━━ Dataset excerpts
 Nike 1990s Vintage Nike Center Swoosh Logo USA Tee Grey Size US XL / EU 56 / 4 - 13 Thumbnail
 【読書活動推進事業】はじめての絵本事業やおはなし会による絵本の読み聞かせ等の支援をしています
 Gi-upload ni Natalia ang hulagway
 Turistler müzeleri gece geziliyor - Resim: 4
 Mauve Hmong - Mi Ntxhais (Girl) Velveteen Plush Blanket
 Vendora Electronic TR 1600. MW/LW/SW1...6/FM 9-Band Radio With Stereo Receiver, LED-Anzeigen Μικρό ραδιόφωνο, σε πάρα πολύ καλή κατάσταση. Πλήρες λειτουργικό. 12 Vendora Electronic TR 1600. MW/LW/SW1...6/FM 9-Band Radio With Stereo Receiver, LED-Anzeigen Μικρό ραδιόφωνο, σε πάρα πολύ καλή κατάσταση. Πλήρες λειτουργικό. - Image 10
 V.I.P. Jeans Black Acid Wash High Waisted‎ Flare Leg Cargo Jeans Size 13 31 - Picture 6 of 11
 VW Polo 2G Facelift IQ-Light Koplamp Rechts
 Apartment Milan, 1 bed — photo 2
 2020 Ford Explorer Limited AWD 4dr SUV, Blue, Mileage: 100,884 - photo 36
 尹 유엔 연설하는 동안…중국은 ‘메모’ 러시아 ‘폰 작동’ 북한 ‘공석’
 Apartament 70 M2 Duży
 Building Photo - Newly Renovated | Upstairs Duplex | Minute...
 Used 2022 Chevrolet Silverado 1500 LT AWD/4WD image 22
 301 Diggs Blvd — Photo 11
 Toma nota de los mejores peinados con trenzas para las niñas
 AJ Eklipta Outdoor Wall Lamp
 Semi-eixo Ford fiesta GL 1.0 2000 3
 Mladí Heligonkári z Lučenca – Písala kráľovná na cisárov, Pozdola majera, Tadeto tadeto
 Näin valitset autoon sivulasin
━━━━
◆ Exercise objective:
Write out the line containing "Semi-eixo Ford fiesta GL 1.0 2000 3" and every line after it through the end of the entries. Keep each one exactly as it is, and add nothing.

◆ Written response:
 Semi-eixo Ford fiesta GL 1.0 2000 3
 Mladí Heligonkári z Lučenca – Písala kráľovná na cisárov, Pozdola majera, Tadeto tadeto
 Näin valitset autoon sivulasin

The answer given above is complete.